**Dataset section**
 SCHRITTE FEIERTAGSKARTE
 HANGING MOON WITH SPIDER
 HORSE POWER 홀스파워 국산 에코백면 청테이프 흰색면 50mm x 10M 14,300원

**Task details**
With the line containing "HANGING MOON WITH SPIDER" as the first and the last line above as the final one, copy those lines exactly and no others.

**Answer box**
 HANGING MOON WITH SPIDER
 HORSE POWER 홀스파워 국산 에코백면 청테이프 흰색면 50mm x 10M 14,300원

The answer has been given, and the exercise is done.